"Do you take insurance?"

One of the first questions I get asked by most people interested in therapy is whether or not I take insurance.

I love this question. Only within the past decade or so has mental health coverage been mandated for all insurance plans, so I love this because it means people have coverage and want to use what they’re already paying for.

The challenge is that parity in coverage for consumers has not equaled parity for provider compensation. Most providers do not take insurance if they can, based on the demand of their local area,  because it means getting compensated below the going rate. Taking insurance means getting paid less than what their time+training+education+office space is worth as well as having a delay in payment and having time-consuming paperwork to do to submit claims.

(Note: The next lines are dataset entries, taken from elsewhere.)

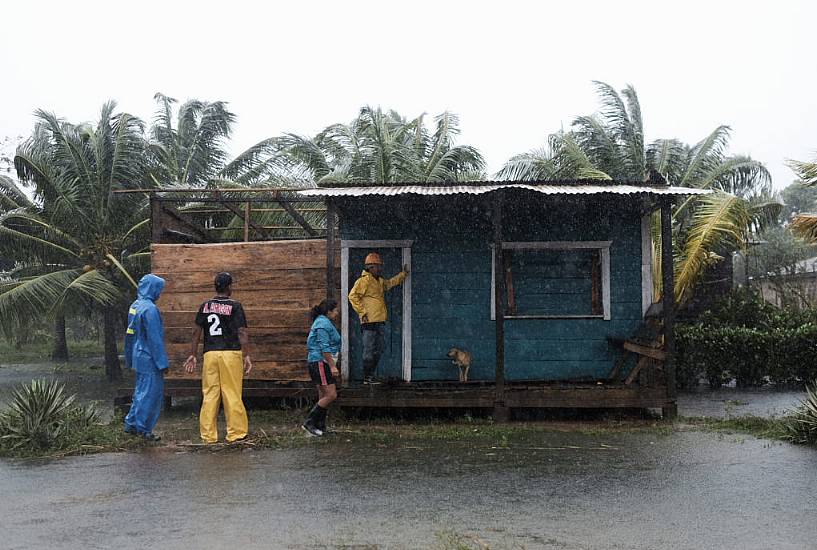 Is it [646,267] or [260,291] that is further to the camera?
[646,267]

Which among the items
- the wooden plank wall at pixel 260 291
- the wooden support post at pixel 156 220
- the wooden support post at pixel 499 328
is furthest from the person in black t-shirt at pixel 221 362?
the wooden support post at pixel 156 220

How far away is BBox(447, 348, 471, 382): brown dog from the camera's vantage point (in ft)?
38.4

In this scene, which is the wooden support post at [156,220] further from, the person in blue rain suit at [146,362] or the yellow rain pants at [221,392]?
the yellow rain pants at [221,392]

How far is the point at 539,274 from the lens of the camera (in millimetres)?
12180

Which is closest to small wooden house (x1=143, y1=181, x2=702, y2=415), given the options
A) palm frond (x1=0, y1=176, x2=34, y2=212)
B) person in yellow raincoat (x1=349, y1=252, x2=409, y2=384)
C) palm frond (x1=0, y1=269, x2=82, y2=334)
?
person in yellow raincoat (x1=349, y1=252, x2=409, y2=384)

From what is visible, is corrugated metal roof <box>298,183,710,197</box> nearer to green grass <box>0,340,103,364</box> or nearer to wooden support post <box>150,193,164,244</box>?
wooden support post <box>150,193,164,244</box>

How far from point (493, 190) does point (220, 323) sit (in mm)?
3631

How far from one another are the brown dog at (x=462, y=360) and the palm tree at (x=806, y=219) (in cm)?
549

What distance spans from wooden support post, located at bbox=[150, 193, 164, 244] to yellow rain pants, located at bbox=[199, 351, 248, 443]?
4.00 meters

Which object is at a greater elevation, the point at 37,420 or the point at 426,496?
the point at 37,420

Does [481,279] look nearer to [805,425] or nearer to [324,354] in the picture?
[324,354]

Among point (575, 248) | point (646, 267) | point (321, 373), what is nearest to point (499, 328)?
point (575, 248)

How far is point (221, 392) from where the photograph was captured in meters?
9.09

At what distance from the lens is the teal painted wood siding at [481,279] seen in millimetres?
12109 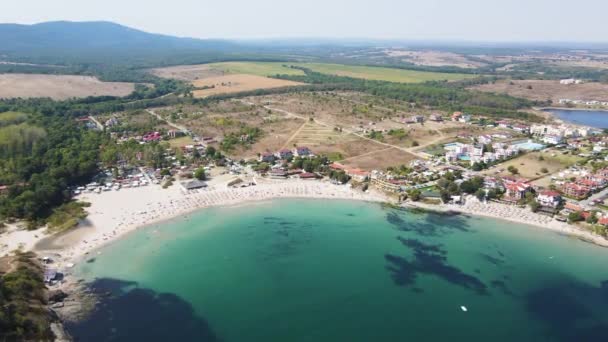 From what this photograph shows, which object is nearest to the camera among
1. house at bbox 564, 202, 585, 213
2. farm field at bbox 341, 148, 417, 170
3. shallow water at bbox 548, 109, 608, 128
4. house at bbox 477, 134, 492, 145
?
house at bbox 564, 202, 585, 213

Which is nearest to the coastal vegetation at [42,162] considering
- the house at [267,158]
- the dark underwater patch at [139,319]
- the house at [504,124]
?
the dark underwater patch at [139,319]

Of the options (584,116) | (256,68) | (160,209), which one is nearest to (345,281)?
(160,209)

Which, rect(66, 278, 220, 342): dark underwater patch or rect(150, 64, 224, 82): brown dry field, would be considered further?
rect(150, 64, 224, 82): brown dry field

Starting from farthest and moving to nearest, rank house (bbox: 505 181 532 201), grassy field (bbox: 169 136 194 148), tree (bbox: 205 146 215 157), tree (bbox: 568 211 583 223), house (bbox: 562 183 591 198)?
A: grassy field (bbox: 169 136 194 148), tree (bbox: 205 146 215 157), house (bbox: 562 183 591 198), house (bbox: 505 181 532 201), tree (bbox: 568 211 583 223)

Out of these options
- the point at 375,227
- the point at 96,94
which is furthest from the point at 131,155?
the point at 96,94

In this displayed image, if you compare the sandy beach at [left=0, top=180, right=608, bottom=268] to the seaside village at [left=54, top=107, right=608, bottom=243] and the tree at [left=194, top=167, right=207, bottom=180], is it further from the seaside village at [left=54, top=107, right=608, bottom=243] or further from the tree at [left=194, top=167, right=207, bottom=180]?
the tree at [left=194, top=167, right=207, bottom=180]

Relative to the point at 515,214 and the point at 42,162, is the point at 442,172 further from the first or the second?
the point at 42,162

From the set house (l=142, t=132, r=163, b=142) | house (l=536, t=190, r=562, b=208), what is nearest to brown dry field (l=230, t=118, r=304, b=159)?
house (l=142, t=132, r=163, b=142)
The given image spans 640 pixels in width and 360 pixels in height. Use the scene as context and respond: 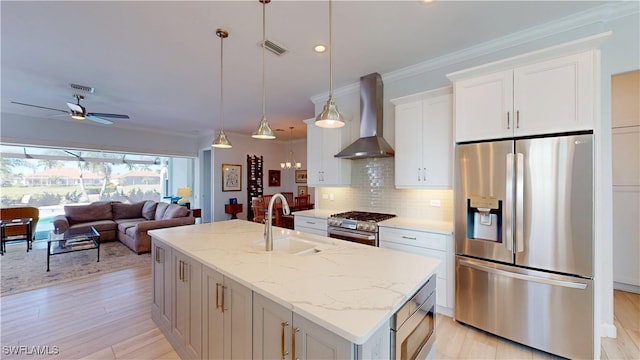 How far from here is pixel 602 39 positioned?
5.85 feet

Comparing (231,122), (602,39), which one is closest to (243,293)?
(602,39)

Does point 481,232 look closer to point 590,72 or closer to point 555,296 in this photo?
point 555,296

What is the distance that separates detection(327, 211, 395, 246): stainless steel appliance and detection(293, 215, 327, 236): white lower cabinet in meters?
0.10

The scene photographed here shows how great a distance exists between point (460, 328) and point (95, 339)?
3.38 metres

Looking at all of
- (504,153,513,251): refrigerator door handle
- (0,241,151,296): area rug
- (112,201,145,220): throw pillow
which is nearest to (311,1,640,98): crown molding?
(504,153,513,251): refrigerator door handle

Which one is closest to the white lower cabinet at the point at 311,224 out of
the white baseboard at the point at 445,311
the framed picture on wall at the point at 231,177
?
the white baseboard at the point at 445,311

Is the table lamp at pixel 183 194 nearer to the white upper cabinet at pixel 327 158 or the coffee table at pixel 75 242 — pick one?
the coffee table at pixel 75 242

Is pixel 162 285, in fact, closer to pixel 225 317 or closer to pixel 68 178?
pixel 225 317

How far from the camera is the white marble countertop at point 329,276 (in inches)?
38.6

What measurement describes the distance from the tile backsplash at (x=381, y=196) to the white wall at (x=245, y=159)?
292cm

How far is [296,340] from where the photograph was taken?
3.55ft

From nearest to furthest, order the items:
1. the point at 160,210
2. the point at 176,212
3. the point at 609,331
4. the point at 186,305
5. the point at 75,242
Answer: the point at 186,305 < the point at 609,331 < the point at 75,242 < the point at 176,212 < the point at 160,210

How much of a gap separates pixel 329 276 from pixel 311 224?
2.26 meters

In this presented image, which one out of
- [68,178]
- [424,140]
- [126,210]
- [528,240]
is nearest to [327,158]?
[424,140]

Mental health advocacy groups worked hard to achieve parity in consumer coverage, and it represents a cultural shift toward increasing access to services and ending the stigma of mental health treatment. I was trained in programs that believed the role of the psychologist involves also being an advocate for our clients and potential clients, and as a private practice psychologist, I want to be able to further this mission. (I get fired up about this, can you tell?)

I firmly believe that everyone who needs mental health care should be able to get it, no barriers, no stigma, just the same as any other health care.

Providers in private practice have no negotiating power in terms of compensation, and must simply accept the company’s rate as is. That’s fine, however, the rate and the additional paperwork burden often is not sustainable for many in private practice, leading many to not try to bother with insurance. That is fine for many, and there is nothing wrong with that, but it narrows the options for those who need to use their insurance.

I think back to my life in grad school, before that when I worked two jobs as a time sometimes, and before that in college, times when I was making almost no money. (News flash: being poor usually comes with more stress and problems than having a healthy income.) Thankfully there were providers I was able to find who took insurance in the part of the country where I was. Those people were were life-changers. But there’s no way I would have been able to see them if I had to pay their full fee instead of a copay.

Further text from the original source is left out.